Excited to see the damage you do to your victims!


----------



## mc2712 (Mar 14, 2008)

I've found another person to bomb, 2nd bomb is going much further then the 1st did. Here is a hint its going EAST.


----------



## shortstory5 (Sep 3, 2008)

Nice! Hit em heavy Chris!!!


----------



## Jcaprell (Jul 30, 2008)

Uh-oh. I'm east! I'm hitting the shelter just in case!!


----------



## big04deuce (May 16, 2008)

Holy [email protected] this guy is out of control!!! Bombs away!


----------



## Architeuthis (Mar 31, 2007)

HAH! Hit them unsuspecting goobers! <G>


----------



## sboyajian (Jun 27, 2008)

Jcaprell said:


> Uh-oh. I'm east! I'm hitting the shelter just in case!!


cover your ass Josh..  The dimebag praise may have been your ticket to heavy metal lore.


----------



## Architeuthis (Mar 31, 2007)

sboyajian said:


> cover your ass Josh..  The dimebag praise may have been your ticket to heavy metal lore.


You actually typed "dimebag"!!! HAW!!! DOUBLE-HAW!!!


----------



## SixPackSunday (Dec 25, 2008)

i'm east, but feel pretty safe!


----------



## cruisin66stang (Jan 5, 2008)

Being one of the unsuspecting victims, I've got to warn you. His bombs are heavy metal and laser guided. Maybe the army needs to learn some of his secrets.


----------



## mc2712 (Mar 14, 2008)

Second bomb of the year already in USPS hands, just a matter of time.


----------



## Jcaprell (Jul 30, 2008)

When can we expect to see the devastation?


----------



## MKR160 (Dec 2, 2008)

I cant wait to see pics of the massive metal destruction that awaits...


----------



## ProBe (Jan 8, 2009)

Bombs away!!!


----------



## mc2712 (Mar 14, 2008)

It was sent Priority Mail, so how ever long that takes. And I also have someone in mind for February HM bomb.


----------



## ProBe (Jan 8, 2009)

Kaboooooom!!! :target: Total Destruction.

http://imageshack.us

Thanks Chris (Dude Rock on:rockon I never saw it coming!!!


----------



## Architeuthis (Mar 31, 2007)

HAW! Good one! <G>


----------



## Jcaprell (Jul 30, 2008)

DAGADAGADAGADAGDAGA PSH!!!!!! (thats me playing a cool fill on my drums!)lol

Thats a pretty brutal bomb there man! The man listens to heavy metal and can dish it out like a drunk drummer!


----------



## shortstory5 (Sep 3, 2008)

That is a good looking bomb!!!


----------



## mc2712 (Mar 14, 2008)

Jose let the Gurkha sit in your humi for awhile, I smoked one the other night and their not quite ready to smoke. Enjoy!


----------



## ProBe (Jan 8, 2009)

mc2712 said:


> Jose let the Gurkha sit in your humi for awhile, I smoked one the other night and their not quite ready to smoke. Enjoy!

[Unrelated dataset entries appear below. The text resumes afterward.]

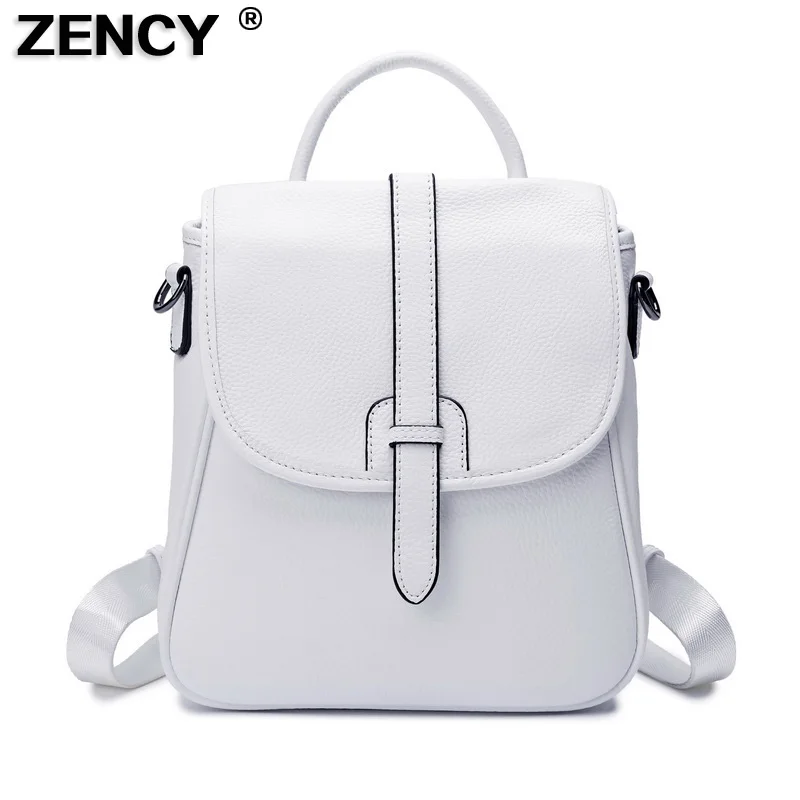 Рюкзак ZENCY из натуральной коровьей кожи для женщин дизайнерский черный ранец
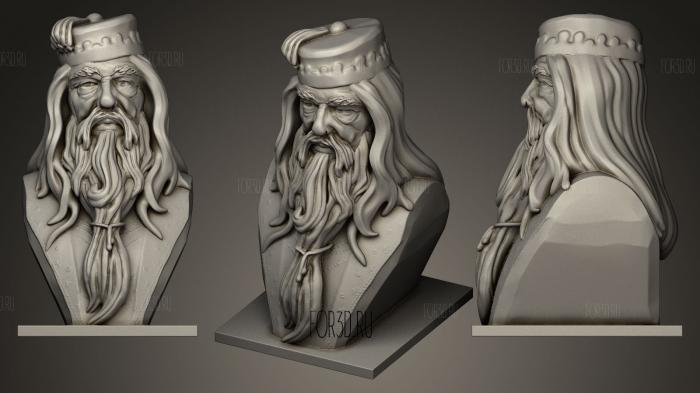 Dumbledore long plinth stl model for CNC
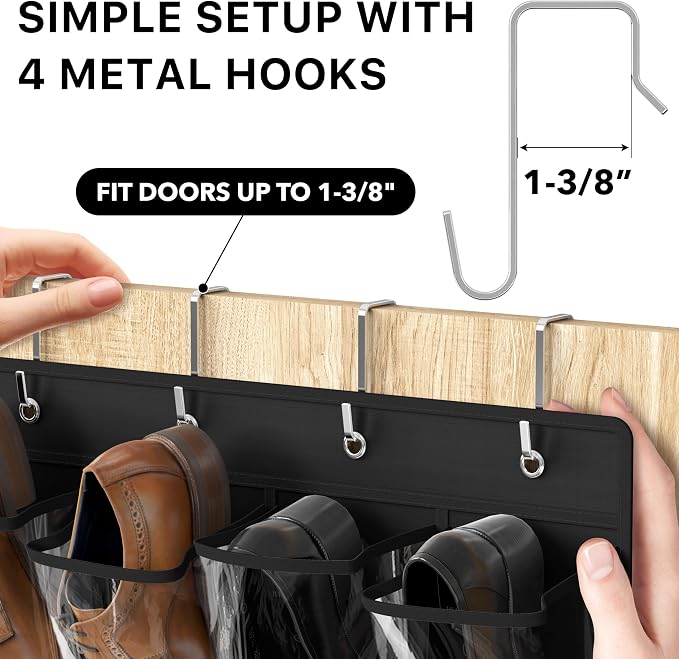 Simple Houseware 24 Pockets Large Clear Over the Door Shoe Organizer, Black | 56" x 22.5", 4 Durable Metal Hooks, 5" x 9" Pocket Size, Multipurpose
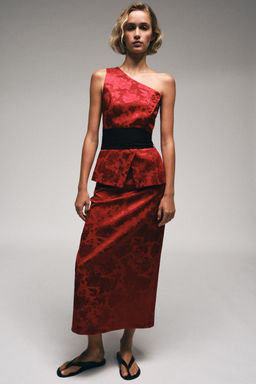 FALDA MIDI JACQUARD FLORES / Burdeos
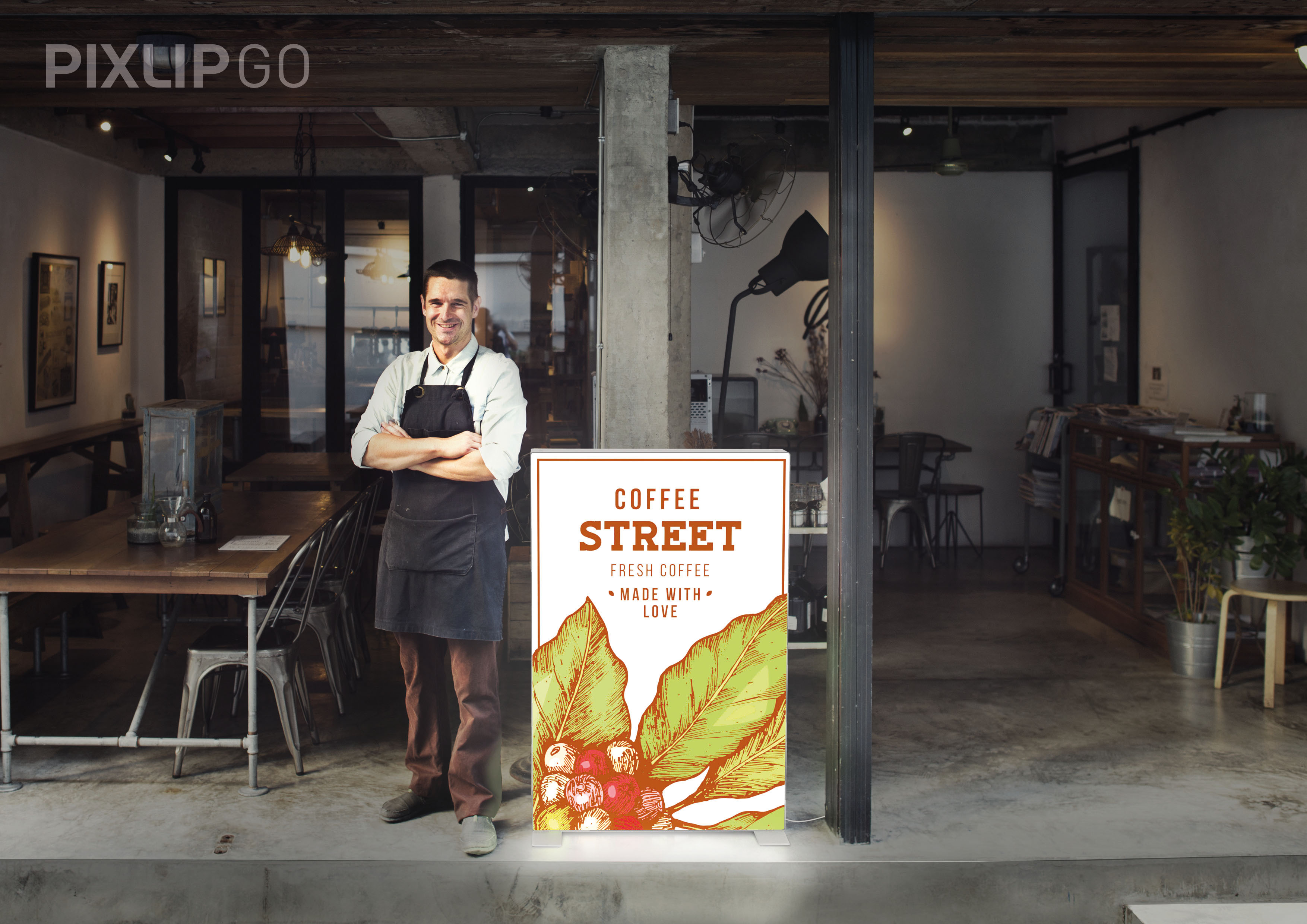 Marketingtool PIXLIP GO - Einsatzbereich Reklametafel Gastronomie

Will do. i was plaining on smoking it this Friday night.Thanks again Chris.


----------



## SixPackSunday (Dec 25, 2008)

great looking bomb there! enjoy.


----------



## shortstory5 (Sep 3, 2008)

mc2712, I love the rocker paraphernalia you send with your bombs! Great signature!


----------



## mc2712 (Mar 14, 2008)

I'm trying to spread these Heavy Metal cigar bombs out to a couple each month. So I have 2 more days till February and I one victim already chosen.


----------



## Architeuthis (Mar 31, 2007)

HAW! Keep it up dood!!!


----------



## mc2712 (Mar 14, 2008)

2 Heavy Metal bombs going out this week!!!!!!!!!!!


----------



## karmaz00 (Dec 5, 2007)

bring the pain


----------



## Jcaprell (Jul 30, 2008)

oh crap!! Look out fellas, this metalhead means business


----------



## tattoofreak (Nov 27, 2008)

:rockon: Make them cry.


----------



## ProBe (Jan 8, 2009)

The Mans unstoppable:gn


----------



## mc2712 (Mar 14, 2008)

Bombs away!!!! I just sent them out this morning, a couple of you watch your mailboxes they are going to be ticking.


----------



## Jcaprell (Jul 30, 2008)

Guys, this guy means business. One of those ticking mailboxes was MINE!!! Awesome hit Chris!! I have been dying to give the Camacho another go around!


----------



## Cigar Man Andy (Aug 13, 2008)

I smell a battle of the bombs coming. AC/DC to Zappa or Motorhead?


----------



## mc2712 (Mar 14, 2008)

Jcaprell said:


> Guys, this guy means business. One of those ticking mailboxes was MINE!!! Awesome hit Chris!! I have been dying to give the Camacho another go around!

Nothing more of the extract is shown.